Начнём с того, что на первом шаге опричнины Малюта не был приметен на фоне тогдашних любимцев Сурового – Вяземского, отца и отпрыска Басмановых. Ну и происхождение его было туманно, в то время как тон в опричном войске, как ни удивительно, задавали потомки знатнейших родов.
Более того, Скуратов равномерно выдвигается на фронтальный план только тогда, когда в 1566 году правитель решает смягчить свою опричную политику. Суровый в первый раз с начала террора стремится как-то примирить опричнину с земщиной. Цель его манёвра понятна: Ливонская война добивалась больших издержек, а поэтому нужна была поддержка всей страны. А смена курса всегда влечёт за собой и смену исполнителей, ставших в особенности одиозными. Помните, как после спада волны сталинского террора Ежова сменил вроде бы наименее запачканный кровью Берия, который даже выпустил из узилищ ряд «врагов народа» второго плана. Ясно, что и в тот момент приближалась новенькая большая война.
Конкретно в это время в королевский фавор и заходит Григорий Лукич Скуратов-Бельский. Вероятнее всего, Малюта – это вроде бы языческое имя для противников, чтобы они не насылали на него порчу. Тогда было принято часто скрывать свое крестильное христианское имя и слыть в миру под самыми необычными. Время от времени просто монгольскими. Праотцы наши отводили от себя сглаз. А истинное имя даже близкие время от времени узнавали на отпевании. Так, даже в более просвещённом XVII веке во время панихиды по любимчику царя Алексея Михайловича Хитрово скорбящие узнали, что настоящее имя его – Иов.

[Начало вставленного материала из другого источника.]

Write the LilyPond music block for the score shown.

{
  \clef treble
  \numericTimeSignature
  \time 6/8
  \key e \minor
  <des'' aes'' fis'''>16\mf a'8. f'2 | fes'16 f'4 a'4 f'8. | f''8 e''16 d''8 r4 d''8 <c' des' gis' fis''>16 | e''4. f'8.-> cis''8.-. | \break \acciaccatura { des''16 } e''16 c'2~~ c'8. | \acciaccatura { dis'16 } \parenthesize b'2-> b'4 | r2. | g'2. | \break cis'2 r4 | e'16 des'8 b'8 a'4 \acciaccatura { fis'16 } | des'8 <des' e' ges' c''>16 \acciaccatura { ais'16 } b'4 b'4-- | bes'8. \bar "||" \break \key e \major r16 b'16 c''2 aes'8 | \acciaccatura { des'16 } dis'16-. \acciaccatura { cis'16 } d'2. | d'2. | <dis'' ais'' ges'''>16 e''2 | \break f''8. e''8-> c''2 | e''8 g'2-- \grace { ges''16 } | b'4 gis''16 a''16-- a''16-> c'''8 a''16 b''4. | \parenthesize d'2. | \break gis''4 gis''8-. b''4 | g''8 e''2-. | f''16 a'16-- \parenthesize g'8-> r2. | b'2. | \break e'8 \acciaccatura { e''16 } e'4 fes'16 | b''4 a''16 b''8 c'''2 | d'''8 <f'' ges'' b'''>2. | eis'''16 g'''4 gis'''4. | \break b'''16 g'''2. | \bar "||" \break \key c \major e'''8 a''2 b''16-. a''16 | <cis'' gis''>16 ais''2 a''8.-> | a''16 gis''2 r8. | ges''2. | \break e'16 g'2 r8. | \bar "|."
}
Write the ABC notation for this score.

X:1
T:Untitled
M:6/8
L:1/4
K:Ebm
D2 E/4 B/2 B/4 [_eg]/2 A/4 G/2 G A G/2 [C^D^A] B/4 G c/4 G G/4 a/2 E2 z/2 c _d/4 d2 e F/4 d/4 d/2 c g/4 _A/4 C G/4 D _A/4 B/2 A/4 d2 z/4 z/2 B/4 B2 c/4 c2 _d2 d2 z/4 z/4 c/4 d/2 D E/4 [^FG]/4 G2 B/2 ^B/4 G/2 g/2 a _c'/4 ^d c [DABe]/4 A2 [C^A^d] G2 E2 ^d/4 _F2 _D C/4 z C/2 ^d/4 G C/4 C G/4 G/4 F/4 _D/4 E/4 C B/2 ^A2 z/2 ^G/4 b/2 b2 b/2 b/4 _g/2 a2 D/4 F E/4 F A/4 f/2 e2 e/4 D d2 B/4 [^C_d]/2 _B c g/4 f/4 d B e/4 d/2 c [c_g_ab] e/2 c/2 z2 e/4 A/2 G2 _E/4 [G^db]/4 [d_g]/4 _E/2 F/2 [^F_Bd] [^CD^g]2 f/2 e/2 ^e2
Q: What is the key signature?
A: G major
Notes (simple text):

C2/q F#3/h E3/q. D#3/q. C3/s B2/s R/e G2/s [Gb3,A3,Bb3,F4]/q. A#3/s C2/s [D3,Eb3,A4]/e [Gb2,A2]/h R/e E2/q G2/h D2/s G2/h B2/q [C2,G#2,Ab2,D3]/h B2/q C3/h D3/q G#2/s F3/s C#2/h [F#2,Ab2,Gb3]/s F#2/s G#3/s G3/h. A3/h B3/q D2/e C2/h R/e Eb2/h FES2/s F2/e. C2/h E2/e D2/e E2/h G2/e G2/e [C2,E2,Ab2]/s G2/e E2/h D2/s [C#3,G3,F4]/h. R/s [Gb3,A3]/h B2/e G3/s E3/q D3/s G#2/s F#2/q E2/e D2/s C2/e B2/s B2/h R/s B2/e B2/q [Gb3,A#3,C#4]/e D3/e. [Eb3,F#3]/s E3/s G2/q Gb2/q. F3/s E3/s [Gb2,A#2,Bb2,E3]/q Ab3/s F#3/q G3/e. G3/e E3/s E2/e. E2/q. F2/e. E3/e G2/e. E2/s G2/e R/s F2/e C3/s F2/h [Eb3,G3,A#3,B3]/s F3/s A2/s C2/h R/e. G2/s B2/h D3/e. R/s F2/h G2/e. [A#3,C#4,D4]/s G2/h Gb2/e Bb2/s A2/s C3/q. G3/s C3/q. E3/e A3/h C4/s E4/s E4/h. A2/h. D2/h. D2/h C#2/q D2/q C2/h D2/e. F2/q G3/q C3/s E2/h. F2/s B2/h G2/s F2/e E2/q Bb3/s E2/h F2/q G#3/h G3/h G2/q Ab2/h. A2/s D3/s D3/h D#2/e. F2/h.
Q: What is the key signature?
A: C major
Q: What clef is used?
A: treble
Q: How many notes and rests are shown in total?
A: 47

Скуратовы не были родовитыми. Они обладали малозначительным поместьем на границе Звенигородского уезда. Все же род этот не был чужд Суровому. Во вкладной книжке Иосифо-Волоцкого монастыря вклад собственный по нраву Малюты Суровый снабдил таким приметным посвящением – «по холопе собственном по Григории по Малюте Лукьяновиче Скуратове». Некие комментаторы не исключают, что Скуратовы вправду когда-то были холопами величавых князей, но за верную службу были пожалованы дворянством. Другими словами обосновали свою запредельную верность и готовность исполнить хоть какое приказание.
Фактически, карьера палача начинается не на поле брани, а во время карательного похода против очередных «заговорщиков». Дело в том, что фактически в Кремле был отрыт комплот, во главе которого стоял глава конюшенного приказа – самой главной структуры тогдашнего госаппарата – И. П. Фёдоров. К слову, во время королевского отсутствия конкретно конюший делал почётную роль местоблюстителя. Так что разгром «фёдоровщины» можно сопоставить с высылкой Троцкого.
А. Н. Новоскольцев. «Опричники в доме опального боярина».
Целью комплота вроде было свержение Сурового и передача престола другому Рюриковичу – Владимиру Старицкому. Но сам претендент струсил и поведал обо всех тех, кто его-де в крамолу втянул.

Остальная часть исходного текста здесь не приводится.